Errors are made, but new errors emerge very infrequently. Most of the changes seen in flu isolates on an annual basis are not new errors, but recycled old errors (mutations).
The recycled old errors create new genes and the mechanism is recombination. Thus, the loss of an amino acid in HA in 2005 H5N1 in northern Vietnam is not a new mutation. It is an old mutation that was identified in 2003 isolates from Hong Kong and Yunan in China, and then seen again in 2004 isolates from Yunan and Guangzhou.
Although the 2005 bird flu sequences have not been made public, the new 2005 genes are largely generated via recombination, because that is how H5N1 and all influenza A viruses evolve..
The new data on the 2005 will show more evolution via recombination. This recombination will be driven by dual infections and the evolution rate will be dependent on the gene pool population and diversity.
Because of the large number of asymptomatic infections, the number of dual infections has increased. This in turn has generated more diversity. Thus, H5N1 in northern Vietnam is distinct from H5N1 in southern Vietnam, and the isolates in Southeast Asia are distinct from isolates in Indonesia, China, South Korea, and Japan. Most of the 2004 and 2005 isolates are the Z genotype, which is defined by reassortment (they all have the same constellation of genes), but only those with further gene changes are linked to reported H5N1 fatal human cases.
The gene changes are all driven by recombination, which simply recycles old mutations and mixes and matches pieces of genes to create new genes.

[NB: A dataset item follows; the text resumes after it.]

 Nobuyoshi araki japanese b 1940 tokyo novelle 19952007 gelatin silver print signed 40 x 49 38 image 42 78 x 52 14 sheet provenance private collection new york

H5N1 continues to recombine and evolve, as agencies and governments issue press releases on false negatives, and other non-events such as the lack of reassortment with human genes.
A great deal of time has been wasted on drifts (new mutations) and shifts (reassortment) that play a minor role in rapid influenza evolution.
H5N1 evolves rapidly via recombination, which generates drifts and shifts that are biologically meaningful and hazardous to the world's health.